Brief. From the first line of the listing to the last, set down everything exactly, but skip the images.

==*==

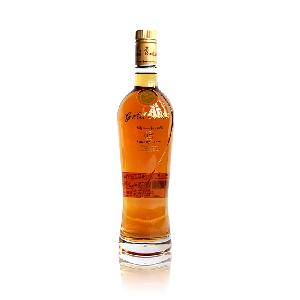bulk whisky from Scotland customized blend. Scotland brand ,China price . UK bard code for importer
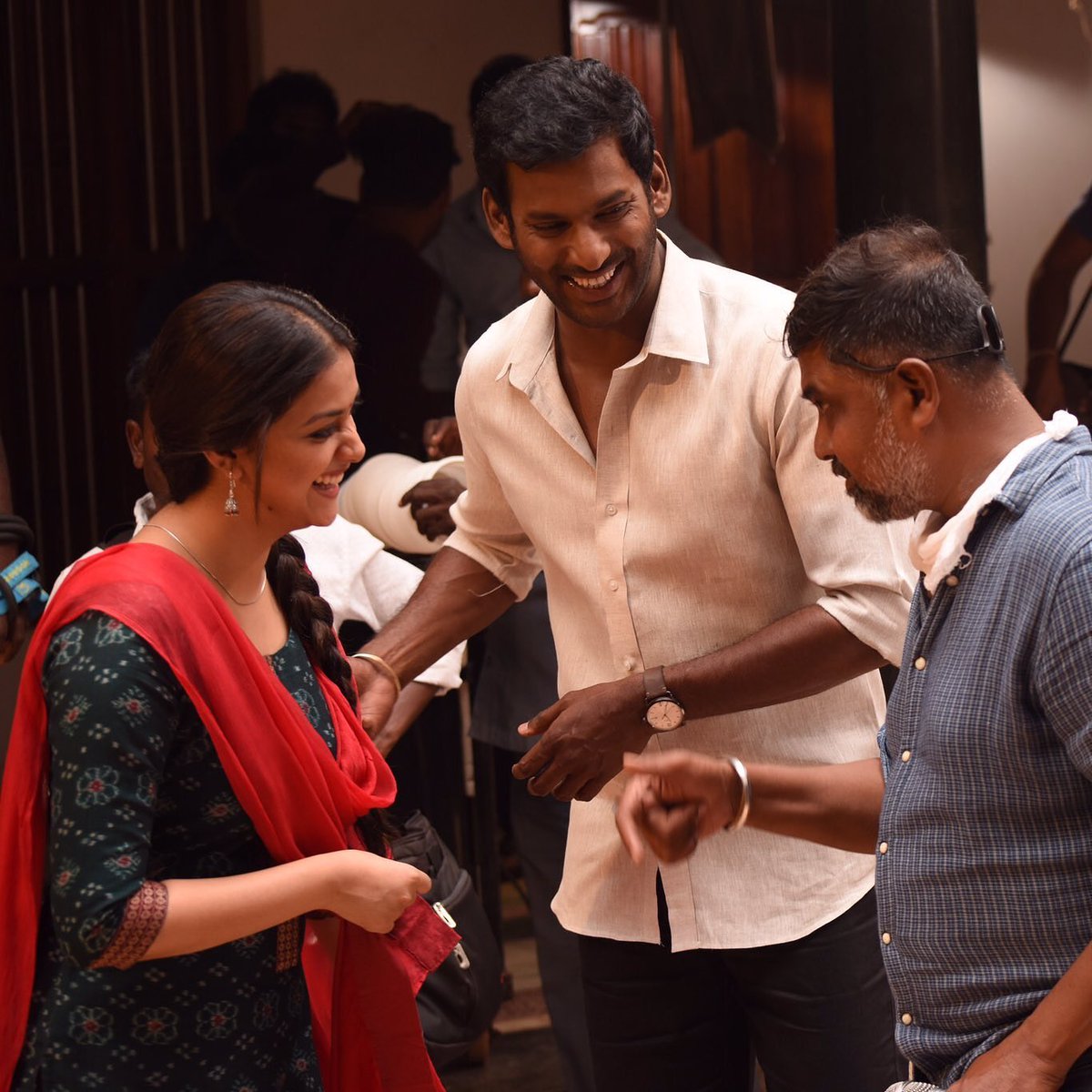 ‘சண்டக்கோழி 2’ படக்குழுவுக்கு தங்கம் வழங்கிய விஷால் மற்றும் இயக்குனர் லிங்குசாமி !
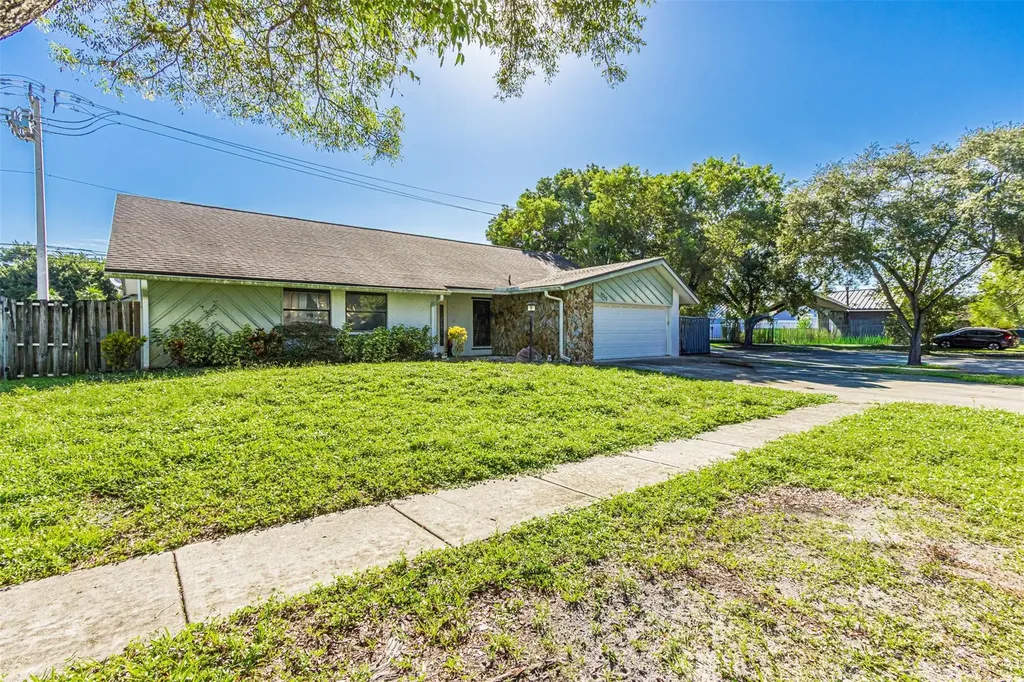 5250 SW 101st Avenue Cooper City FL 33328
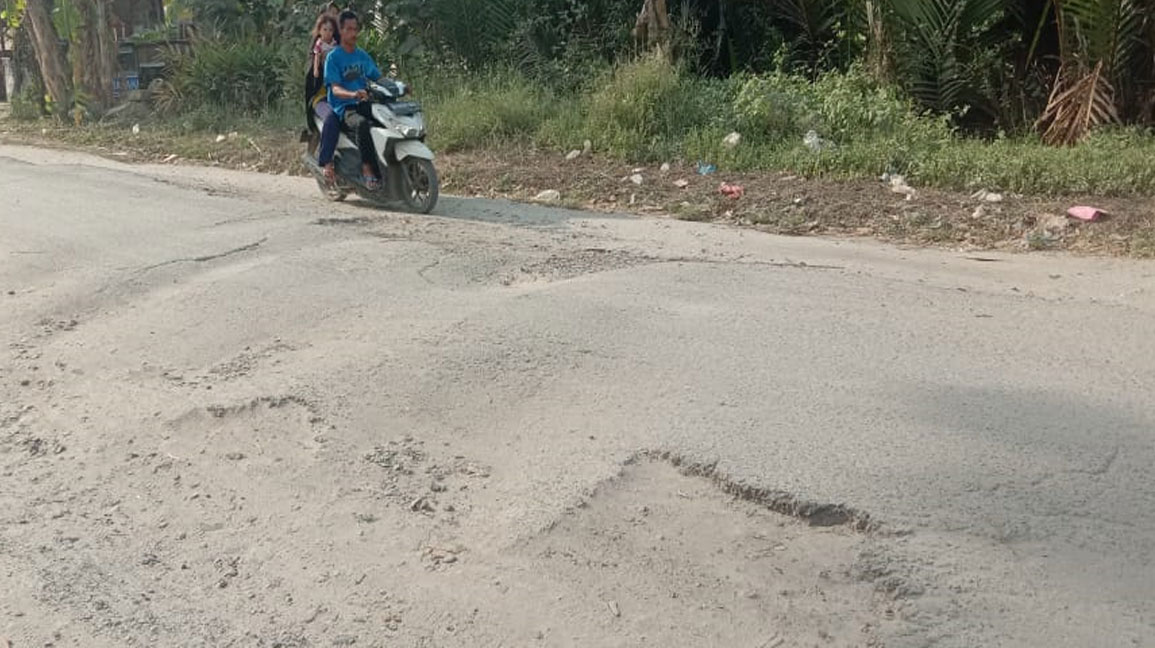 Pemkab Batubara Terkesan Biarkan Jalan Rusak Parah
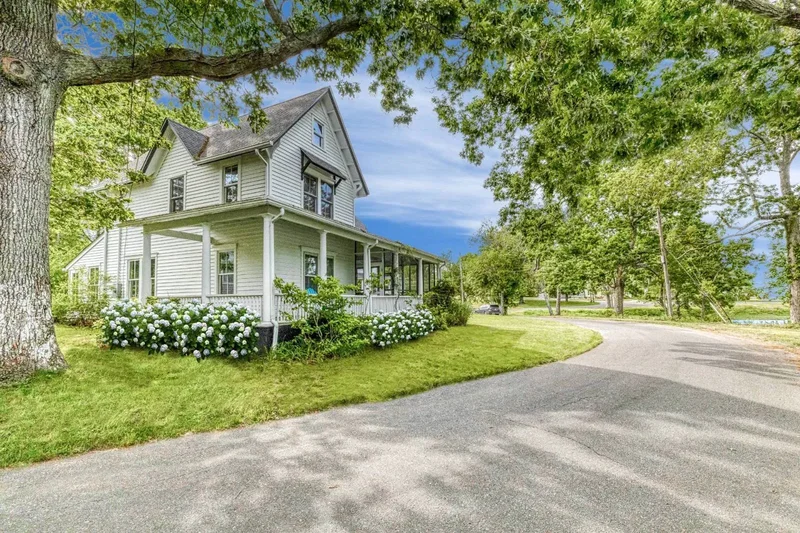 7 Locust Avenue & 4 Meadow Place, Shelter Island Heights, New York, United States. - Photo 13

==*==

Exercise response.
bulk whisky from Scotland customized blend. Scotland brand ,China price . UK bard code for importer
 ‘சண்டக்கோழி 2’ படக்குழுவுக்கு தங்கம் வழங்கிய விஷால் மற்றும் இயக்குனர் லிங்குசாமி !
 5250 SW 101st Avenue Cooper City FL 33328
 Pemkab Batubara Terkesan Biarkan Jalan Rusak Parah
 7 Locust Avenue & 4 Meadow Place, Shelter Island Heights, New York, United States. - Photo 13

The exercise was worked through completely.